Setiap
perilaku manusia didasarkan atas kehendak. Apa yang dilakukan manusia timbul
dari kejiwaan. Walaupun pancaindra kesulitan melihat pada dasar kejiwaan, namun
dapat dilihat dari
wujud kelakuan. Maka setiap kelakuan pasti bersumber dari
kejiwaan.
Oleh
karena itu, ada beberapa faktor yang mempengaruhi akhlak atau perilaku manusia
pada khususnya dan pendidikan pada umunya, ada tiga aliran yaitu:
1.
Aliran Nativisme
Nativisme
berasal dari kata Nativus yang berarti kelahiran.
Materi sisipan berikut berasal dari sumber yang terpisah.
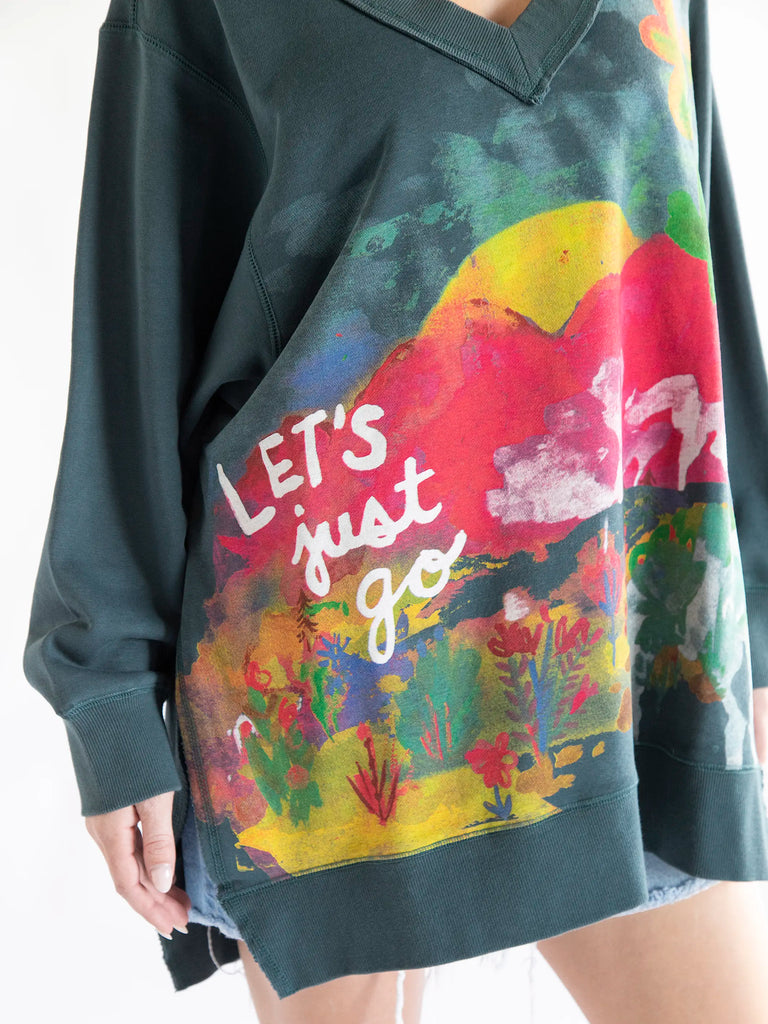 Life Is A Canvas Sweatshirt - Let's Just Go Slate-view 2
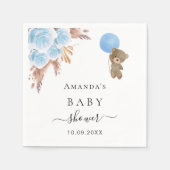 ベビーシャワーteddy bear pampas grass blue boy スタンダードカクテルナプキン (正面)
Teori ini muncul dari
filsafat nativisma (terlahir) sebagai suatu bentuk dari filsafat idealisme dan
menghasilkan suatu pandangan bahwa perkembangan anak ditentukan oleh hereditas,
pembawaan sejak lahir, dan faktor alam yang kodrati. Pelopor aliran Nativisme
adalah Arthur Schopenhauer seorang filosof Jerman yang hidup tahun 1788-1880.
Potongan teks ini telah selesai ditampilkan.